Later, Acheson encouraged President Kennedy to stand firm against the Soviets in the Berlin Wall and Cuban missile crises. He headed a group of elder statesmen who advised President Johnson on the Vietnam War. When Acheson turned against the war, Johnson realized that domestic support for his policy had crumbled.
Acheson is a masterful biography of a great statesman whose policies won the Cold War. It is also an important and dramatic work of history chronicling the momentous decisions, events, and fascinating personalities of the most critical decades of the American Century.
Customer Reviews:
Much better than what is already out there.......2002-08-28
James Chace does a great job in listing all kinds of facts and anecdotes about Dean Acheson and his contributions to American Cold War policy. (I think that his book is the only true comprehensive biography on Mr. Acheson out there, too.)
Missed Opportunities.......2001-11-10
The seventy-five years spanned by Dean Acheson's life saw the radical shift of America's role in the world from one of a significant, but none the less marginal power, to becoming that world's chief law enforcement officer, judge and--in several instances up to the present day--executioner. Chace's contention is that, to a large extent, Acheson was responsible for the shift.
Overstated in the title, the text indicates someone rather different from an earth mover and shaker. Acheson was, in fact, a frequently puzzled, often wrong, usually pragmatic, but sufficiently arrogant Secretary of State to push through policies with a self assurance that indeed profoundly affected the place America would play for over a half-century to come. But it is the personal relationship between two disparate individuals, President Truman and his Secretary of State, that especially intrigues Chace and that will leave the reader wondering as well.
Definitely a member of the East Coast elite--a graduate of Groton and Yale, then on to Harvard Law School--Acheson's life and background were a sharp contrast to that of the Missouri haberdasher. The contrast between Acheson and Truman is very simply illustrated by noting their similar reaction to General MacArthur's farewell speech before Congress, but expressed rather differently. Acheson called it "bathetic," Truman referred to it as "b-------t."
So how could these two have worked so closely together, and so effectively in pushing radical and rather unpopular foreign programs through a fractious and often openly hostile Congress? At least part of the answer was that Truman had a "buck stops here attitude," one which allowed Acheson to advance programs he knew would be fully supported by the President.
Chace's work touches upon events of Acheson's life that, while not new, do put a different emphasis upon what were once accepted as historic givens. For example, MacArthur is most usually remembered as the headstrong field commander who did as he pleased. That was perhaps true near the end of the Korean debacle but, as Chace correctly points out, the bosses back home, including Acheson, Marshall and Truman were cheering him on while Mac was succeeding, became ambiguous in their instructions when he began to fail, and then threw all the burden of blame on his shoulders when it seemed the Americans and their allies were about to be driven into the sea.

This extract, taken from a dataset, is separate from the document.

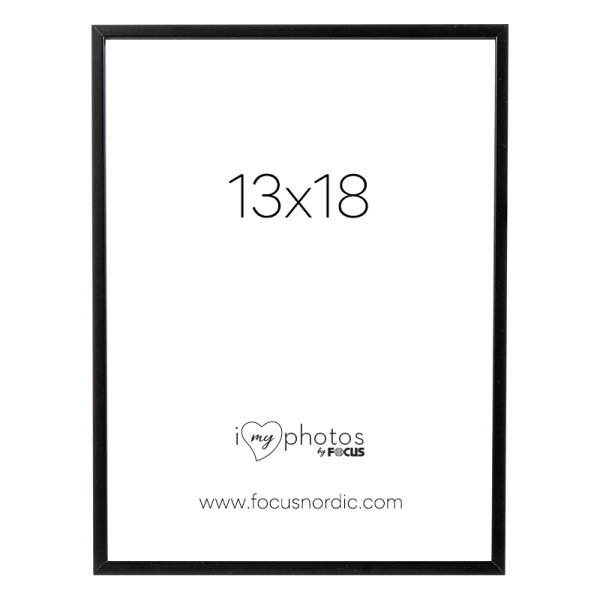 Focus Rock Black 13X18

Not only did Acheson's concern for Europe and fear of Communism lead him into disastrous policies elsewhere, but it made him as well as many others in Truman's and later administrations, to overestimate Soviet military power and its threat to Western Europe and underestimate the extent and quality of the Soviet scientific community.
Unfortunately, the author presents the entire "Acheson era" as though it occurred in a domestic political and social vacuum. As examples of this narrow view, there is little mention of how the agonizing shift from a wartime to a peacetime economy, the incipient civil rights movement and the flips and flops in the business cycle began to focus public attention inwards. More importantly, there is no indication of the impact of the new medium-TV-and how it began to influence what was once the very private prerogative of the diplomats. The "open covenants, openly arrived at" dreamed of by the mystical Wilson were already showing signs of becoming a reality when Truman became the first President to appear on the screen in America's living room, and yet Chace shows little indication of recognizing that change.
The one map in the volume was hardly worth including, but the notes and bibliography are thorough, and the photos have a remarkable value of their own. The depicted people in power illustrates how remarkably different they were from their counterparts fifty years afterwards. White, Anglo Saxon men dominate the photos. A concession is made to Frankfurter, none to women except for Acheson's wife and mother, both of whom are definitely and exclusively pictured in those roles.
All in all, these photos speak well of the remarkable change that has come to Washington in two scant generations. The outspokenly liberal Truman didn't even leaven his cabinet with a Ma Perkins, while the unabashedly conservative Bush of the current administration has surrounded himself with Latinos, Blacks and women. Anyone viewing the current cabinet must indeed wonder what Acheson would have thought of it.
In looking back at his long career as a public servant and as an advisor to presidents, it would be nice to be able to rewrite history and to give him the position of Under Secretary for Middle Eastern affairs. Nowhere was he more right in his assessment, nowhere more astute in proffered solutions to what now seems to be an insoluble situation.
In short, Chace's biography is a description of a person who had risen to a position beyond him. Perhaps it was a position beyond anyone, but Acheson was someone who could have provided valuable service to this nation and to the beleaguered nations of the Middle East by his far-seeing view of what America's policies in that part of the world would mean for the latter twentieth and early twenty-first centuries. Unfortunately, back when he did have the opportunity to prevent the formation of repressive regimes in that part of the world, he was far too much concerned with having anti-Soviet dictators in charge of Middle East nations then in seriously considering the plight of their subjects.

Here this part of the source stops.